Probability densities of turbulent stress components at the test-filter scale (top row) and coarse-grain scale (bottom row), showing results for $T_{11}$ and ${\tau }_{11}$ (left column), $T_{12}$ and ${\tau }_{12}$ (middle column), and $T_{13}$ and ${\tau }_{13}$ (right column), showing densities for the true stresses from DNS (black lines), stresses from the autonomic closure (red lines), and stresses from the dynamic Smagorinsky model (blue lines).

Figure 4

Kinetic energy flux fields at the test-filter scale (top row) and coarse-grain scale (bottom row), showing results for the true flux fields $\tilde{P}(\mathbf{x},t)$ (left), the fields ${\tilde{P}}^{\mathcal{F}}(\mathbf{x},t)$ resulting from the autonomic closure (center), and the fields ${\tilde{P}}^{DS}(\mathbf{x},t)$ from the dynamic Smagorinsky model.

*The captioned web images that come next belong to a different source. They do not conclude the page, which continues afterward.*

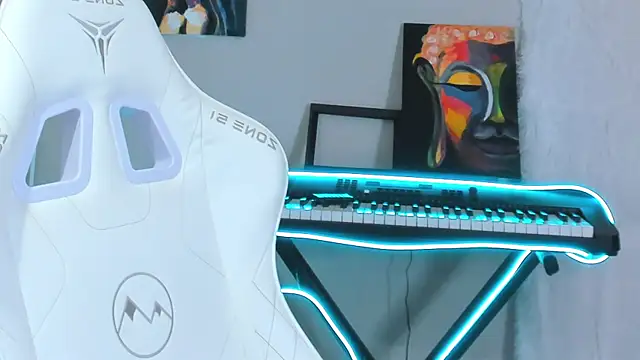 Snapshot of 4ever_dude chatting on 02-20-25, 03:56 4ever dude online show from 02-20-25, 03:56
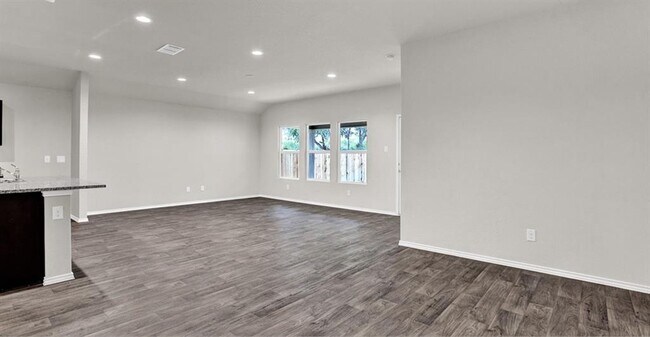 Building Photo - 6008 Roderick Dr
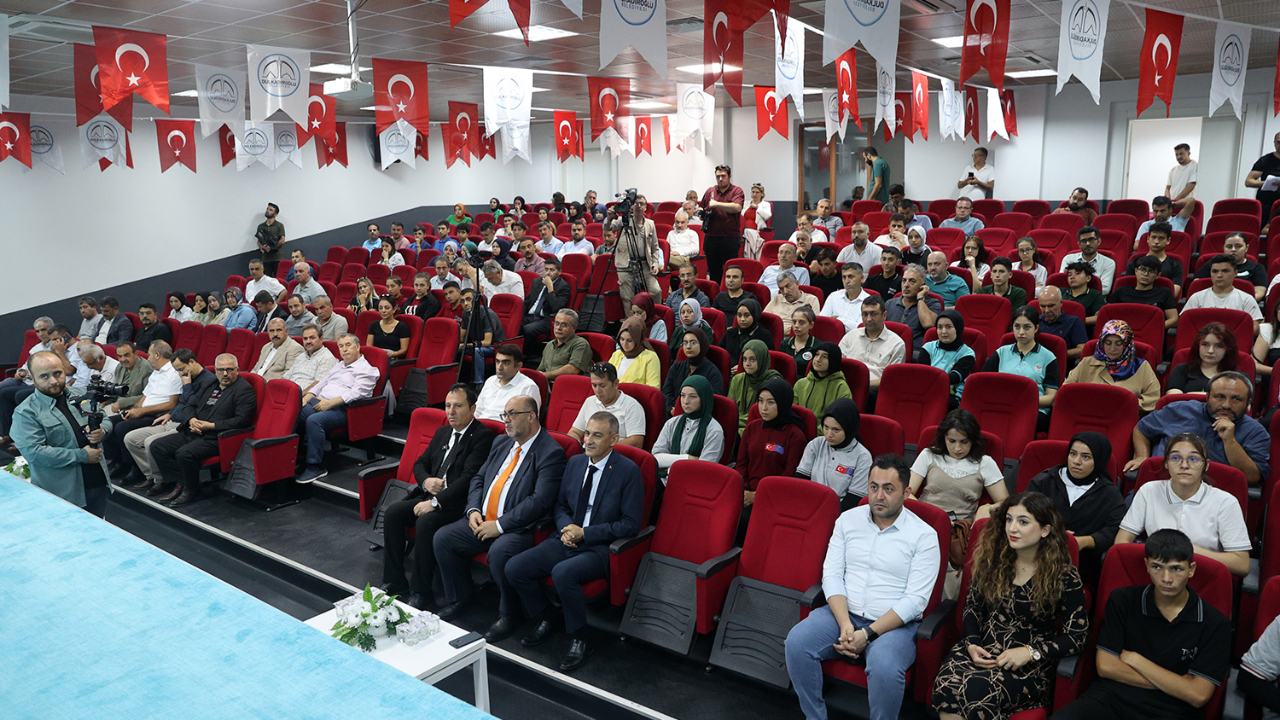 BAŞKAN AKPINAR: “GENÇLERİMİZ BİLİMİN IŞIĞINDA, ERDEM VE AHLAK ÇERÇEVESİNDE YETİŞSİN”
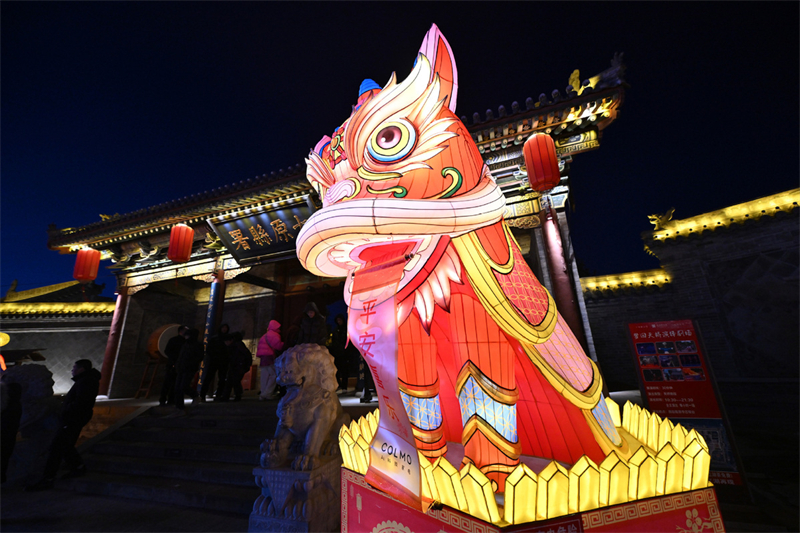 Παραμυθένιο το Ταϊγιουάν με τα ανοιξιάτικα φανάρια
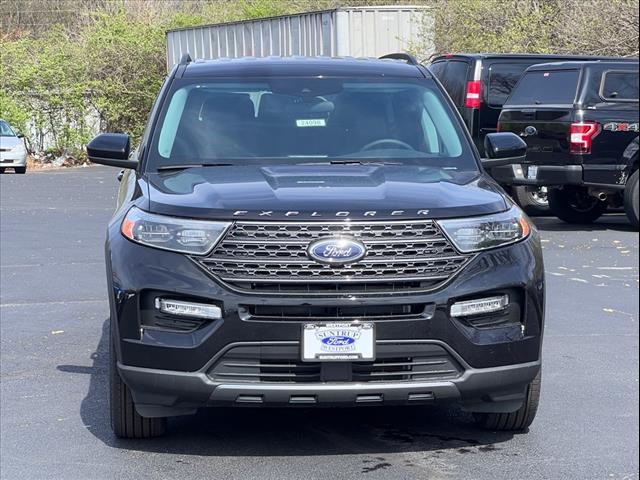 new 2024 Ford Explorer car, priced at $40,720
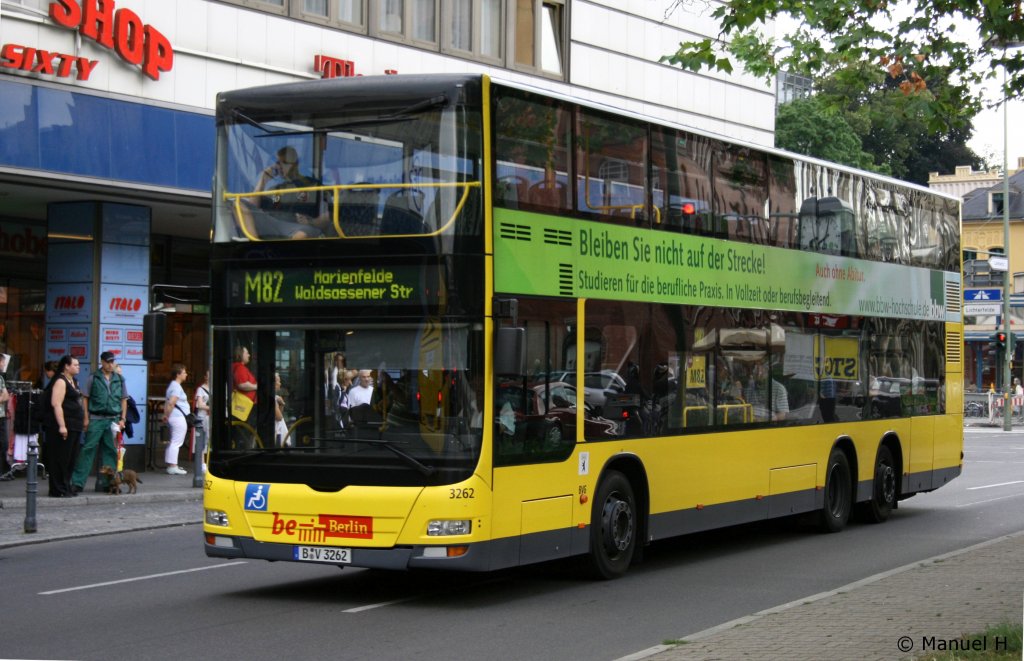 BVG 3262 (B V 3262).
Der Bus wirbt fr BBW.
Berlin Steglitz, 9.8.2010.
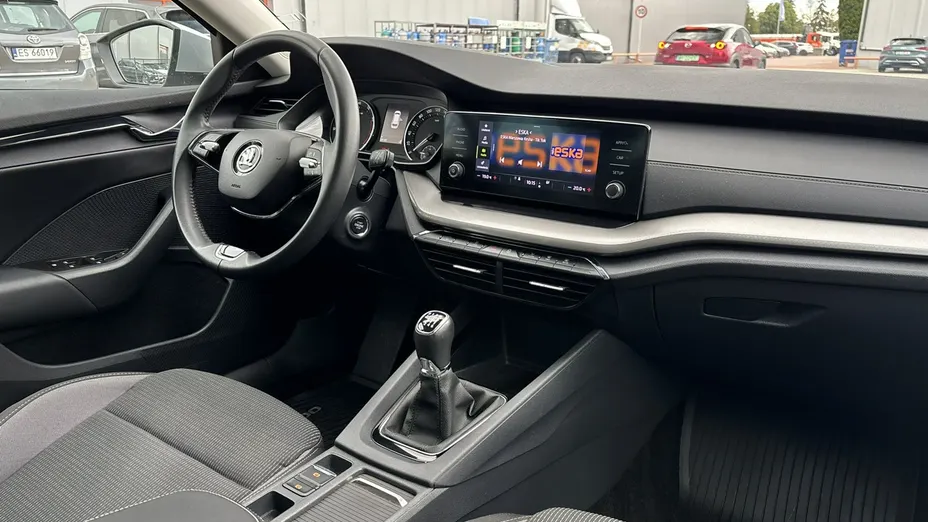 SKODA Octavia -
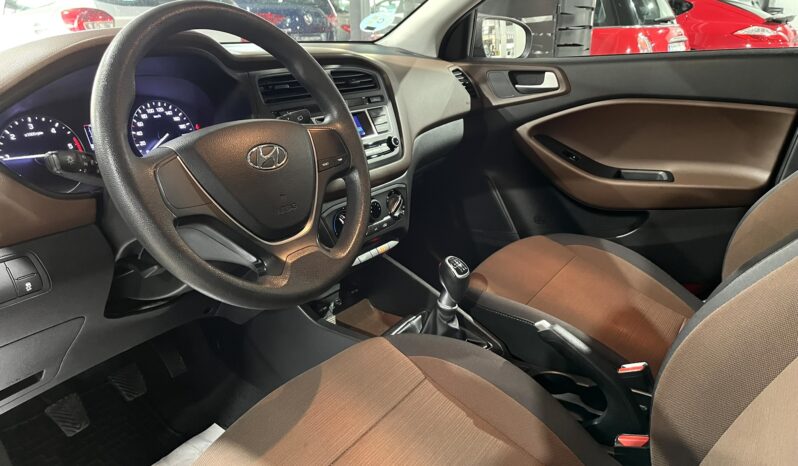 
								HYUNDAI I20 2015 lleno									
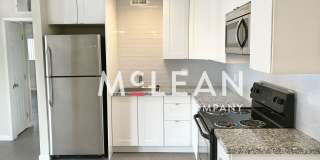 120 South Saturmino Drive Gallery 1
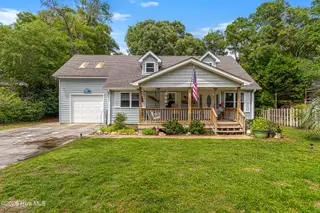 104 Elm Court, Pine Knoll Shores, NC 28512 – photo 2: Incredible home in Pine Knoll Shores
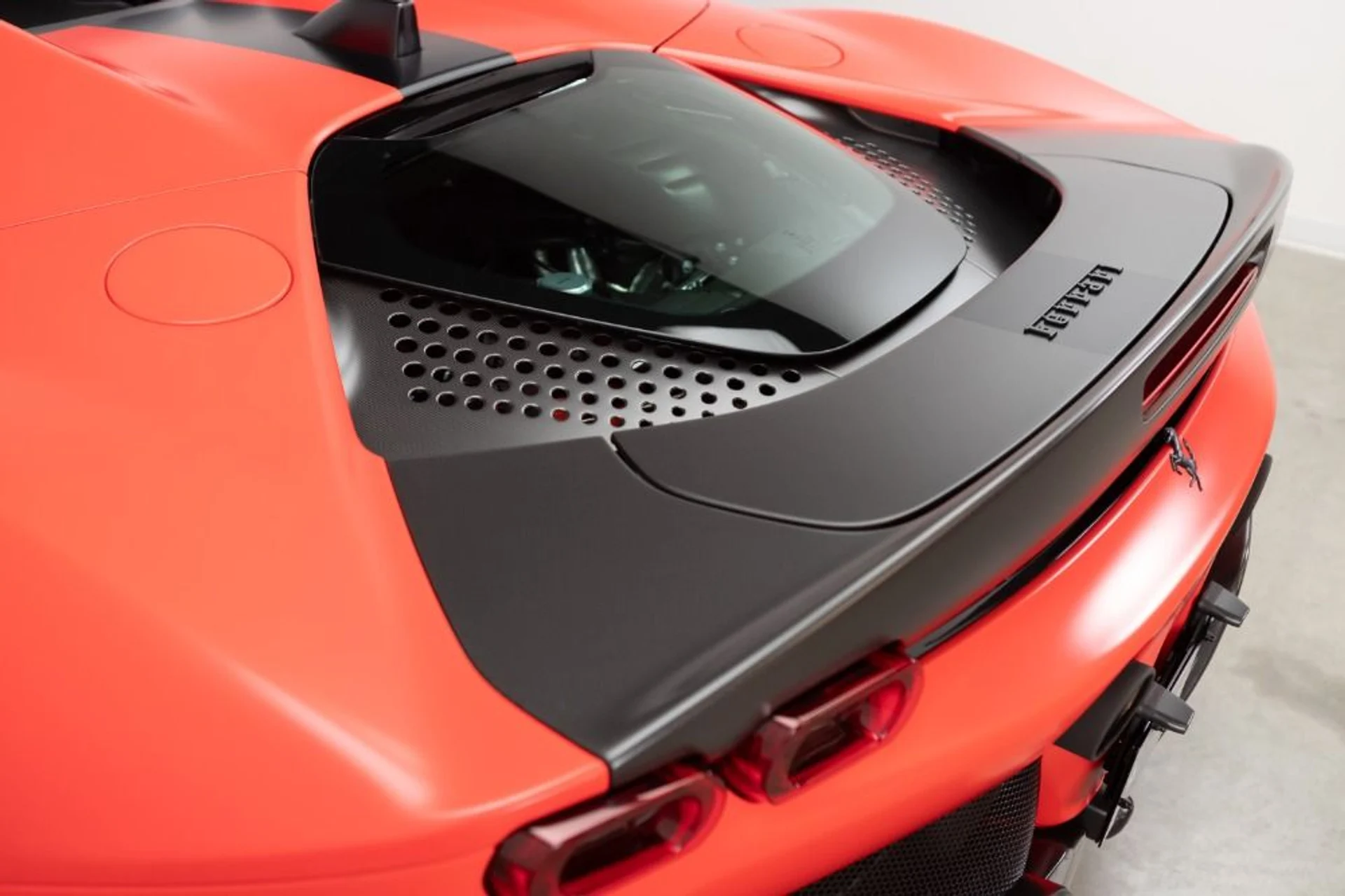 mph045_1568963265_Used_2022_Ferrari_SF_90_Spider_e4b44d8e36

Even this simple implementation of autonomic closure is far more accurate than the prescribed closure in the dynamic Smagorinsky model.

Figure 5

Probability densities of kinetic energy fluxes (a) $\widehat{P}$ at the test-filter scale and (b) $\tilde{P}$ at the coarse-grain scale, showing distributions of the true fluxes from DNS (black lines), fluxes from the autonomic closure (red lines), and fluxes from the dynamic Smagorinsky model (blue lines).